农业螯合物：市场占有率分析、产业趋势与统计、成长预测（2026-2031）

2025 年农业螯合物市场价值 12.2 亿美元，预计到 2031 年将达到 18.8 亿美元，高于 2026 年的 13.1 亿美元。

预计在预测期（2026-2031 年）内，复合年增长率将达到 7.49%。

市场成长的关键驱动因素包括：在耕地面积不断减少的情况下，提高作物产量的压力日益增大；精准施肥系统的日益普及；以及粮食安全需求。主要农业区的农民使用缓释螯合剂来应对锌和铁缺乏症，即使大量营养元素供应充足，锌和铁缺乏症也会导致产量下降高达50%。联合国粮食及农业组织（粮农组织）预测，2050年，灌溉耕地面积将增加3,200万公顷（11%），灌溉耕地收穫面积将扩大17%。这种扩张，尤其是在开发中国家，促使人们更加关注高效率的农业养分输送系统。欧盟对乙二胺四乙酸（EDTA）排放的更严格监管以及美国对高效肥料的45Z税额扣抵政策，正在推动对既能提高产量又能满足环境要求的可生物降解螯合剂的需求。这些监管趋势已将农业螯合物市场确立为现代作物营养策略的关键组成部分。

全球农业螯合物市场趋势及展望

全球粮食安全与耕地减少

根据联合国粮食及农业组织（粮农组织）的数据，到2050年，全球人口预计将超过90亿，届时全球粮食需求需要增加70%，而人均耕地面积却持续减少。为了应对这项挑战，农民正在使用螯合微量元素来最大限度地提高现有土地的产量。研究表明，即使氮、磷、钾供应充足，未被发现的微量元素缺乏也会导致作物减产20%至50%。螯合物透过在不同的pH值下保持金属溶解度来解决这一问题。美国温室农业的扩张推动了对高品质微量元素溶液的需求，尤其是在循环水耕系统。耕地有限、人口成长以及室内农业的扩张预计将持续推动农业螯合物市场的成长。

土壤中微量元素缺乏

土壤调查证实，超过50%的耕地缺锌，约30%的耕地缺铁，尤其是碱性或钙质土壤。在这些pH条件下，传统的硫酸盐肥料容易沉淀，限制了植物对微量金属的吸收。螯合微量元素肥料藉由保护金属离子免于沉淀，在pH 4-9的范围内保持溶解状态。每年因微量元素缺乏造成的作物损失高达150亿至200亿美元，证明了使用螯合产品保护作物产量和品质的必要性。

对合成螯合剂的严格监管

针对合成螯合剂的环境法规限制了市场成长，尤其是传统的EDTA（乙二胺四乙酸）和DTPA（二乙烯三胺五乙酸）製剂，因为它们具有环境持久性和水生毒性。根据欧盟的REACH法规，EDTA被归类为高度持久性物质，其土壤半衰期超过365天，并具有中度慢性水生毒性。加州将于2025年实施针对螯合剂的特定标籤要求，而美国环保署（EPA）的指导方针限制了饮用水中EDTA的浓度。流域监测已检测到径流中EDTA浓度高达261µg/L，导致製造商的合规成本增加。这些监管指导方针正在减少合成产品的销售量，并限制农业螯合剂市场的成长。

细分市场分析

截至2025年，合成螯合剂占农业螯合剂市占率的64.62%。乙二胺四乙酸（EDTA）对多种金属具有亲和性，而乙二胺-N,N'-双(2-羟基苯乙酸)（EDDHA）在碱性土壤中表现良好。二乙烯三胺五乙酸（DTPA）在中性pH值下具有很强的络合作用，是可控环境农业中封闭式灌溉施肥和水耕系统必不可少的螯合剂。

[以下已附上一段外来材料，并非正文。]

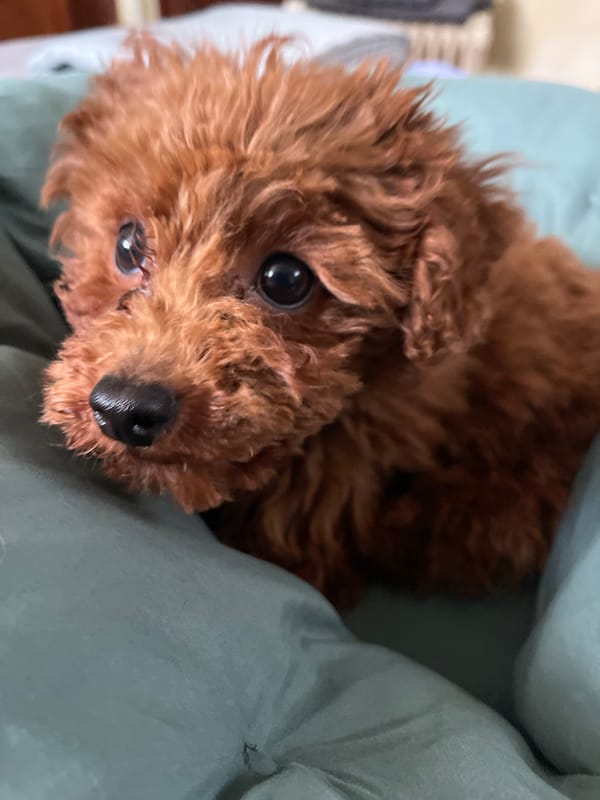 Brown poodle photographed in multiple indoor settings in Sofia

受永续性需求和可再生物质衍生的磺酸盐-胺基酸复合物日益普及的推动，有机螯合剂市场正以7.78%的复合年增长率成长。预计到2031年，这些市场动态将重塑农业螯合剂市场格局，合成螯合剂和有机螯合剂领域都将取得进展。为了满足生态标章标准并获得低碳融资，特种作物种植者愿意为经认证的可生物降解螯合剂支付更高的价格。农业螯合剂市场正从以销售为基础的竞争转向以环境绩效为基础的差异化竞争，这将使那些能够生产永续替代品并在pH值、温度和离子强度范围内保持稳定性的公司受益。

区域分析

预计2025年，亚太地区将占据农业螯合物市场33.45%的份额，稳居领先市场地位。在国家政策的推动下，中国引领着该地区的发展，这些政策将永续农业集约化与水质法规结合。中国地方政府为精准施肥灌溉设备提供补贴，增加了封闭式灌溉系统中对稳定螯合物的需求。印度计划于2024年推出「Agri Stack」数位代金券平台，以优化向小规模农户输送微量元素，预计这将提高预测期内每英亩螯合物的使用量。日本和澳洲凭藉先进的温室设施和出口导向园艺产业，维持对优质螯合物的稳定需求。

预计非洲的复合年增长率将达到9.88%，这主要得益于捐助者支持的土壤健康倡议以及对解决营养缺乏问题的日益重视。尼日利亚的化肥计画正向螯合剂经销商提供优惠贷款，这些分销商主要面向小规模农户；与此同时，南非的商业农场正在实施感测器控制的肥料灌溉系统，以提高用水效率。东非共同体成员国正在藉镜肯亚的数位化农业推广服务模式，培训农民识别营养缺乏症和应用螯合剂的技术。多边资金、教育倡议和扶持政策的共同作用，使非洲成为农业螯合剂市场成长最快的地区。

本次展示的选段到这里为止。